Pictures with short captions
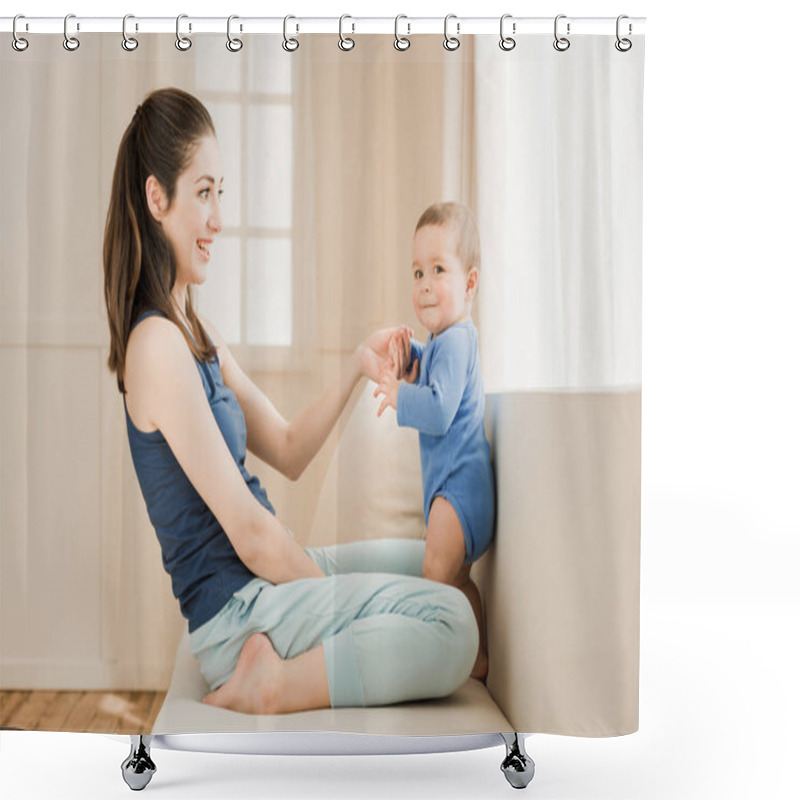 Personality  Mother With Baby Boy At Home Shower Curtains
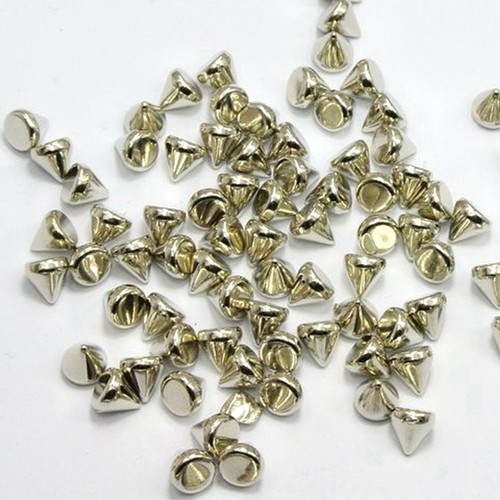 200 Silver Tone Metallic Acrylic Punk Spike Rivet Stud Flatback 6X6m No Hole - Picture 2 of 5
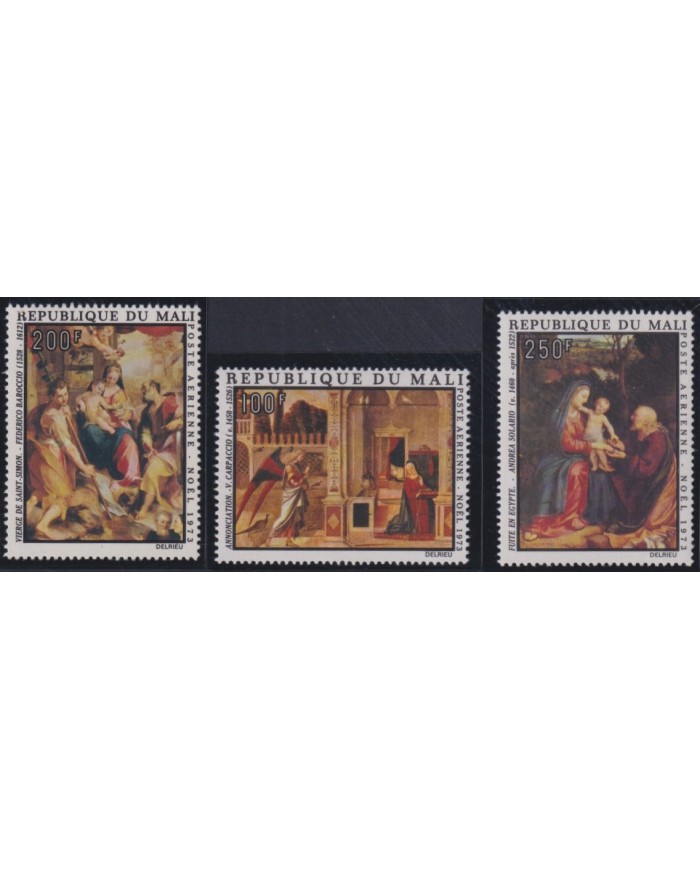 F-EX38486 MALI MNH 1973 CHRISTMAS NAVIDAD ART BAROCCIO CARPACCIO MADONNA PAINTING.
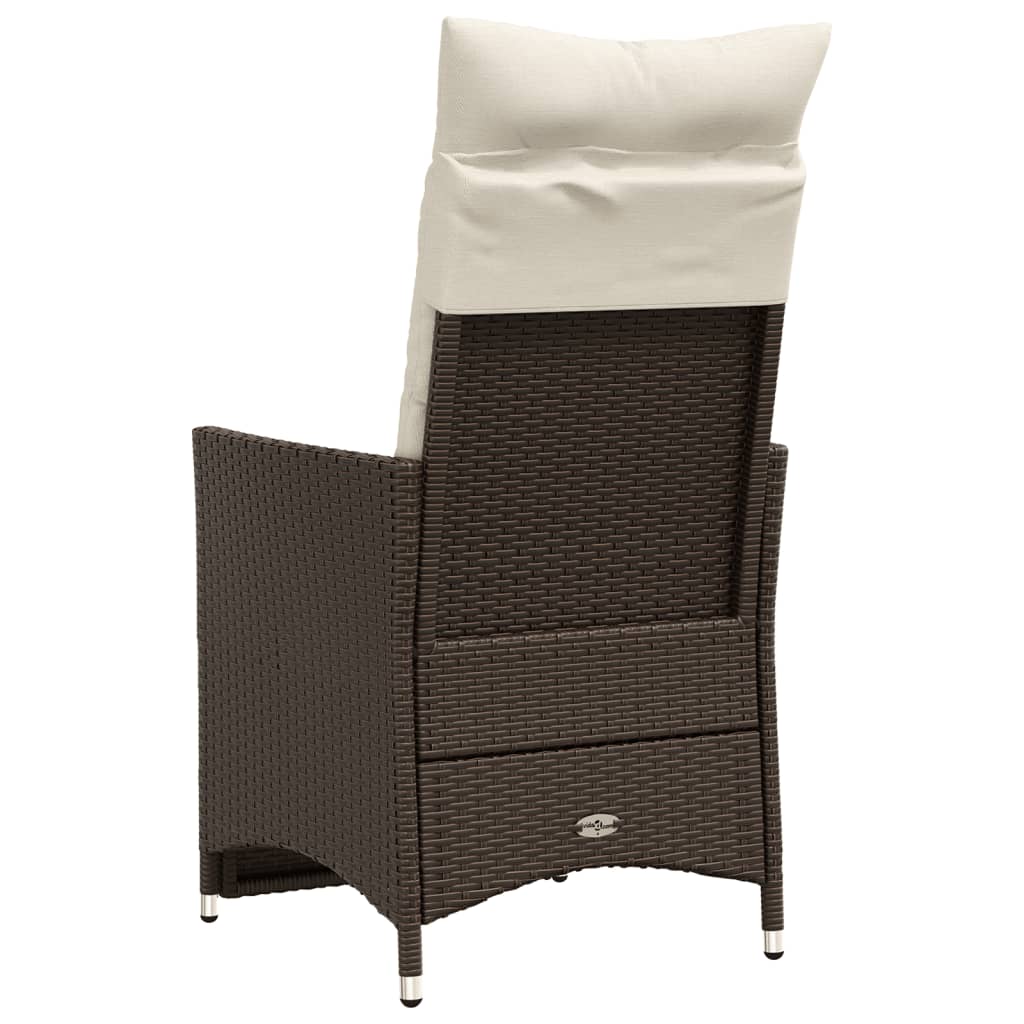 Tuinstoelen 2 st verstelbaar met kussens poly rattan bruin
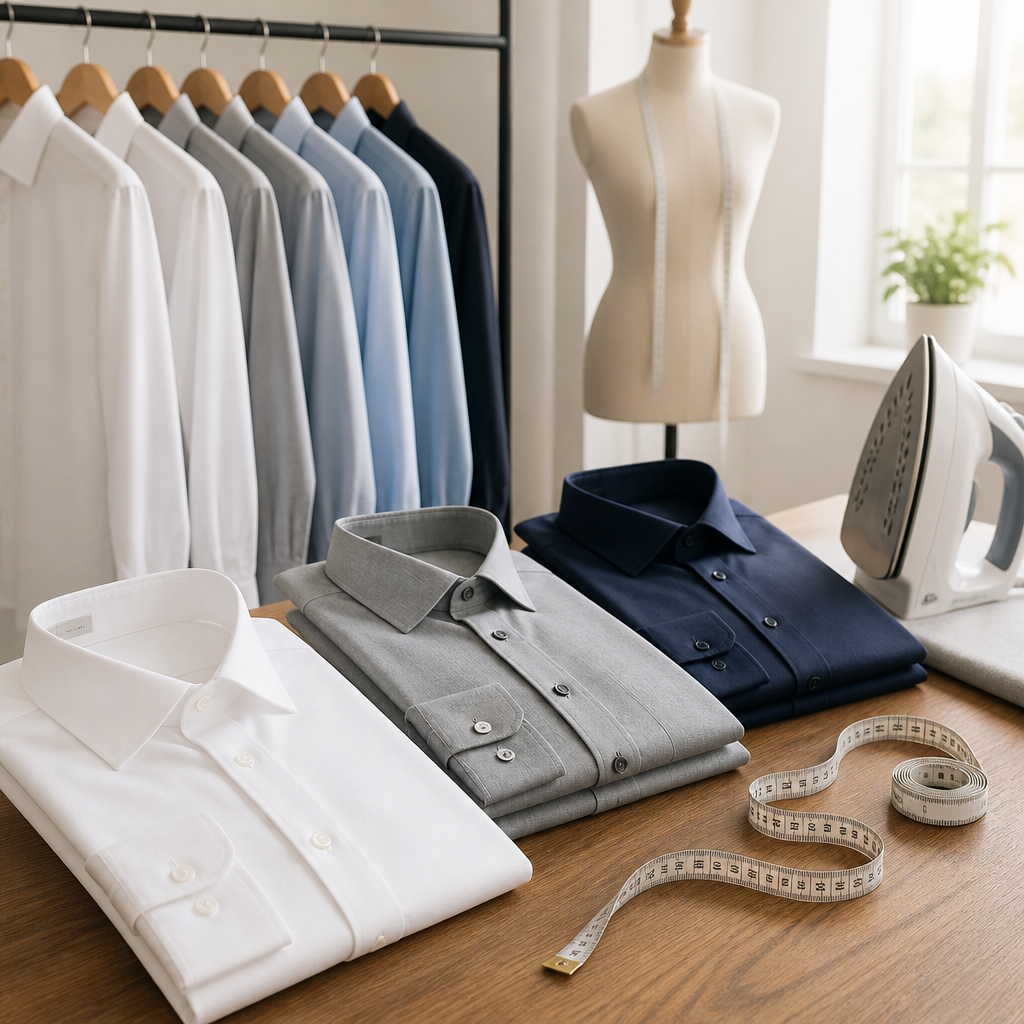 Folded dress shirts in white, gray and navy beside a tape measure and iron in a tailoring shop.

◆ **Task goal**: Each record above is to be restated exactly, with its pictures removed from the copy.

◆ **Response to this task**:
 Personality  Mother With Baby Boy At Home Shower Curtains
 200 Silver Tone Metallic Acrylic Punk Spike Rivet Stud Flatback 6X6m No Hole - Picture 2 of 5
 F-EX38486 MALI MNH 1973 CHRISTMAS NAVIDAD ART BAROCCIO CARPACCIO MADONNA PAINTING.
 Tuinstoelen 2 st verstelbaar met kussens poly rattan bruin
 Folded dress shirts in white, gray and navy beside a tape measure and iron in a tailoring shop.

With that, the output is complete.